9. Separate from the failure to show likelihood of success on the merits, Plaintiffs have also failed to show that the public interest favors awarding the relief they seek. The Court is concerned that while Plaintiffs present their request under a federal statute, at essence what confronts the Court is a custody dispute between two parents who share joint custody over Plaintiffs. The Court is highly reluctant to address questions that are within the core competence and jurisdiction of the State of Delaware Family Court ("Family Court"). This is all the moreso given that there is at this very moment ongoing litigation between Plaintiffs' mother and father in Family Court. (D.I. 9 at ¶ 7) Particularly in the absence of any authority applying the Act to a situation in which two custodial parents disagree as to the preferred school for minor children to attend, the Court deems the interest in comity between federal and state courts to weigh heavily against exercising its discretionary authority in a manner that could interfere with those ongoing state court proceedings. See generally Middlesex Cnty. Ethics Comm. v. Garden State Bar Ass'n, 457 U.S. 423, 434-37 (1982); Smith v. Delaware, 2009 WL 395227, at *2 (D. Del. Feb. 17, 2009) (citing Middlesex for proposition that "Younger abstention doctrine generally requires federal courts to abstain from adjudicating a matter where there are (1) ongoing state judicial proceedings, (2) implicating important state interests, and (3) in which there is an adequate opportunity to raise constitutional challenges").

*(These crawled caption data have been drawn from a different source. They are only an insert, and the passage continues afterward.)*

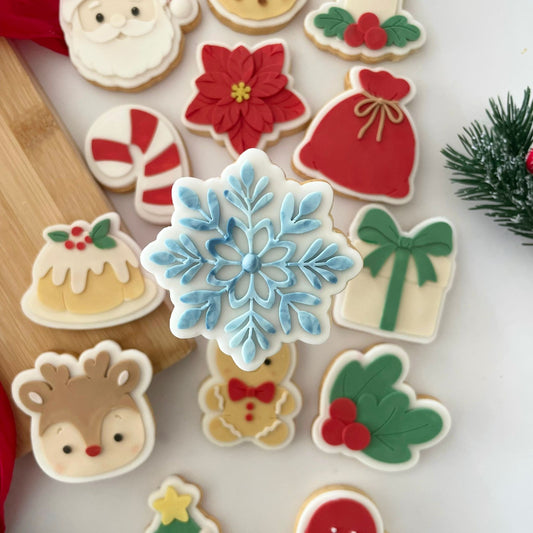 WEIHNACHTEN 2025 - 158 Schneeflocke - MINI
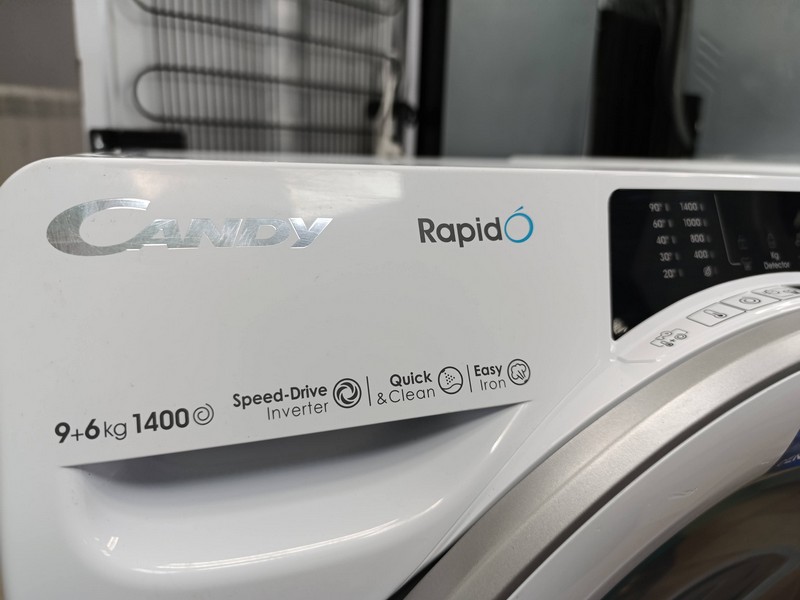 Mašina za pranje i sušenje Candy ROW4964DWMST/1-S, 9+6 kg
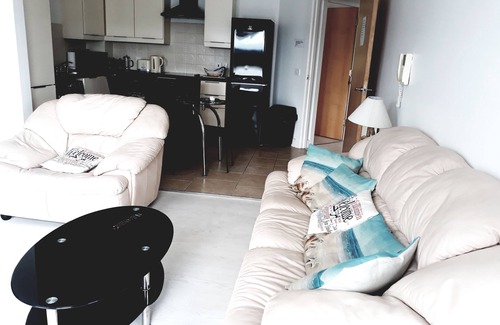 Fahan Apartment | PENTHOUSE APARTMENT overlooking the beach views of Inch Island,Fahan Marina etc.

10. Plaintiffs argue that the Act contains a provision that strongly favors, if not mandates, granting them the relief they seek during the pendency of the parties' dispute in this Court. This provision provides: "If a dispute arises over school selection or emollment in a school . . . the child or youth shall be immediately admitted to the school in which emollment is sought, pending resolution of the dispute." 42 U.S.C. § 11432(g)(3)(E)(i). The Court disagrees. The relief contemplated by the provision is that the child be admitted to "the school in which emollment is sought." Id. (emphasis added). Here there is uncertainty as to the school at which emollment is sought. Under these circumstances, it cannot be that the statute requires the Court on an expedited basis to decide where the children should attend school.

11. Given the Court's conclusions above, and in the interests of issuing this Order as soon as possible, the Court need not address the many remaining arguments raised by the parties. The Court has carefully considered each of them.

IT IS FURTHER ORDERED that:

A. The parties shall meet and confer and shall, no later than October 18, submit a joint status report, including their proposals for how this case should now proceed. The parties shall address, among any other issues they wish, whether this matter should be stayed until the earlier of (i) a decision from the Family Court pertinent to the issues raised in this case, or (ii) Plaintiffs' mother's return to work and return to housing of her own (potentially in Red Clay).2

B. This Order has been issued under seal, just as the parties' filings to date have been filed under seal. The parties shall meet and confer and shall advise the Court in writing, no later than October 9, whether they request any redactions to this Order. The parties' filing may be under seal. Thereafter, the Court will issue a public version of this Order.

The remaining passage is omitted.